Invitando tutti a leggere l’intervista integrale, riporto alcuni passaggi per me significativi.
2) Che cosa distingue la Gamification in ambito museale da quella rivolta ad altri settori?
In molti paesi, dagli Stati Uniti all’Olanda, l’Engagement è una delle 5 missioni che ogni istituzione museale deve perseguire – di pari dignità con la didattica, la conservazione, l’esposizione e la valorizzazione. Ma, anche tralasciando la rincorsa ai modelli anglosassoni, il riallinearsi col pubblico è ormai diventato dirimente per un paese ad alta vocazione culturale e turistica come il nostro. Un dato su tutti aiuta a capire la discrasia in atto: se negli anni ’70 la curva massima di attenzione si assestava sui 5 minuti, negli anni 2000 si è scesi ad 1 minuto, con una proiezione a 10 secondi nei prossimi anni. È dimostrato, però, che siamo più predisposti ad imparare se lo facciamo divertendoci. In concreto significa, dunque, ripensare dalle fondamenta le modalità attraverso le quali impostiamo il percorso museale, il racconto delle opere, l’interazione col visitatore ed in generale l’essenza stessa del museo.
In particolare si parla di «audience development» e «audience engagement»: il gioco è uno straordinario attrattore soprattutto per quel target under 40 tendenzialmente meno incline a investire il proprio tempo (e denaro) in una esperienza culturale. Il gioco potrebbe fungere da gancio nel mondo digitale per esporre il brand museale a un nuovo pubblico e convincerlo a entrare fisicamente nel luogo. I musei, poi, devono imparare a confrontarsi con altre industrie culturali e creative (editoria, cinema, musica, videogames) contendendo loro il denaro -e soprattutto il tempo- dei possibili visitatori.
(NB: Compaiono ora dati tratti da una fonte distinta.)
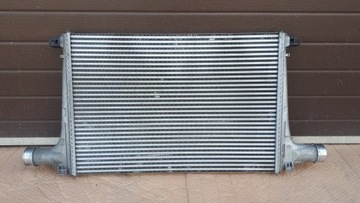 AUDI Q7 Q8 TOUAREG CAYENE 3 CHŁODNICA INTERCOOLER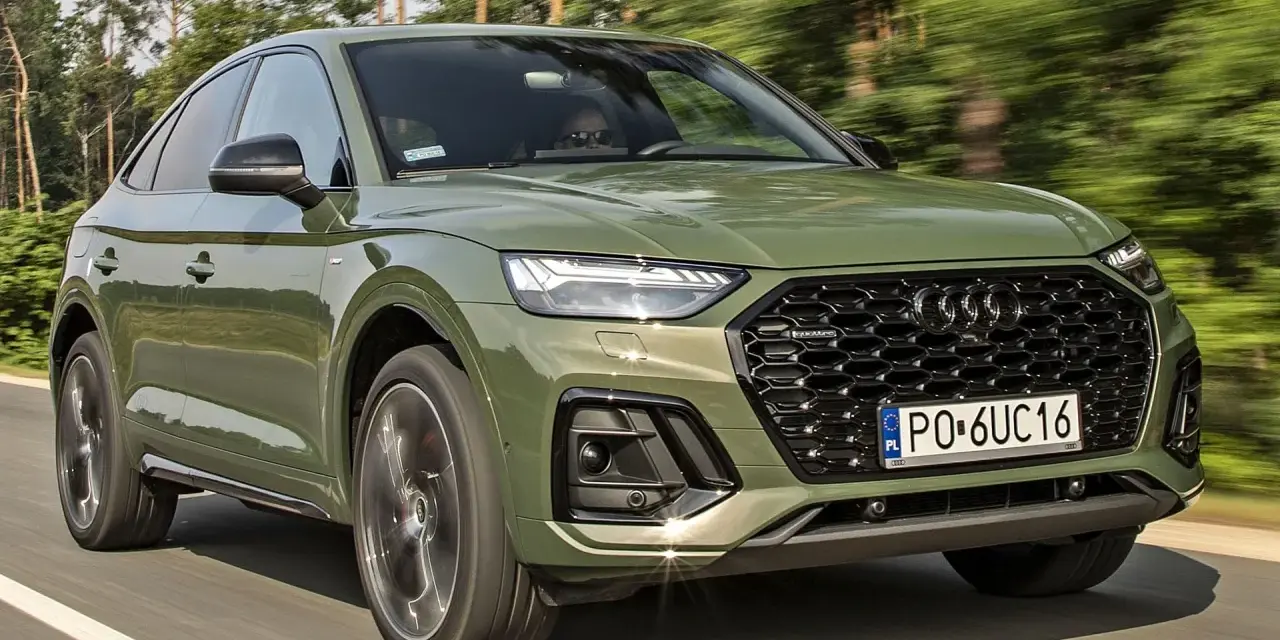 Zielony Audi Q5 Sportback w ruchu. Sprawdź aktualną audi q5 cena i dostępne wersje.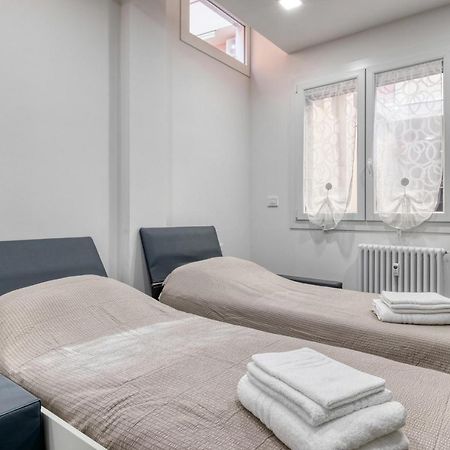 Guest House Ugo Lenzi بولونيا المظهر الخارجي الصورة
Questo è possibile solo lavorando sulla creazione di un rapporto diretto che passi anche attraverso la visita fisica ma sappia andare oltre, coinvolgendoli nei momenti pre e post visita. Volendo fare un passo ancora più avanti, diventa importante comunicare e creare engagement anche con coloro che mai, per le ragioni più disparate, mai visiteranno il nostro museo.
Il visitatore diventa così un protagonista attivo, le sue scelte influenzeranno concretamente l’esperienza. A lui è affidata una missione speciale che potrà portarlo a osservare, immaginare, creare, esplorare opere e luoghi in modo fortemente emotivo.
3) Quale impatto economico potrebbe avere per una struttura museale un progetto costruito in questo modo?
Basti pensare che ogni anno solo in Italia si spendono circa 1 miliardo di euro in prodotti gaming. Un titolo ben pensato e sviluppato potrebbe auto-sostenersi garantendo al museo anche una nuova fonte di revenue, evitando così quella brutta sensazione di prodotto digitale che a distanza di pochi mesi è non più funzionante o in linea con i desiderata dell’audience.
Le esperienze organiche portate avanti in questo modo in giro per il mondo sono molteplici: penso ad esempio al programma «DMA Friends» del Dallas Museum of Arts per ingagaggiare con la gamification i propri visitatori, o a prodotti più ludici come «Race Against The Time» del Tate Museum per avvicinare all’arte le nuove generazioni e al contempo incentivarle alla visita museale.